= Bernardo Álvarez Herrera =

Venezuelan diplomat (1956–2016)

Bernardo Álvarez Herrera (18 August 1956 – 25 November 2016) was Venezuela's ambassador to the United States from 2003 to 2010 (with an interruption from mid-2008 to mid-2009, when Venezuela withdrew its ambassador) and deputy minister of foreign relations.

Born in Carora, Lara State, Álvarez Herrera held a degree in political science from the Universidad Central de Venezuela and a master's degree in development studies from the University of Sussex in England. Beginning in 1982, he served as a professor at the Universidad Central's School of Political and Administrative Studies. His other previous positions included; deputy minister of hydrocarbons (2000–03) and director-general of hydrocarbons (1999–2000) at the Ministry of Energy and Mines. From 1994 to 1999 he was a member of the Chamber of Deputies.

In September 2008, Herrera was expelled from the United States after Venezuelan President Hugo Chávez accused his American counterpart of conspiring to overthrow his regime and ordered him to leave the country. He was restored to his post after the Venezuelan and US governments agreed to re-establish diplomatic relations.

In December 2010, the U.S. government again expelled Álvarez in response to President Hugo Chávez's refusal to accept President Obama's nomination of Larry Palmer.

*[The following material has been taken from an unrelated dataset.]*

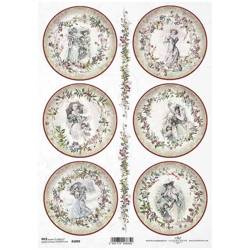 Papier ryżowy do decoupage ITD-R1899 ramki, kobiety, vintage, wieńce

He also served as Venezuela's ambassador to Spain from 2011 to 2013. In fall of 2013, he was appointed secretary general of ALBA, the Bolivarian Alliance for the Americas.

On 2 October 2015. Álvarez was designated Ambassador Permanent Representative of Venezuela to the Organization of American States (OAS).

On 13 May 2016, without leaving his ambassadorship post, Álvarez was designated Acting Deputy Minister for North America.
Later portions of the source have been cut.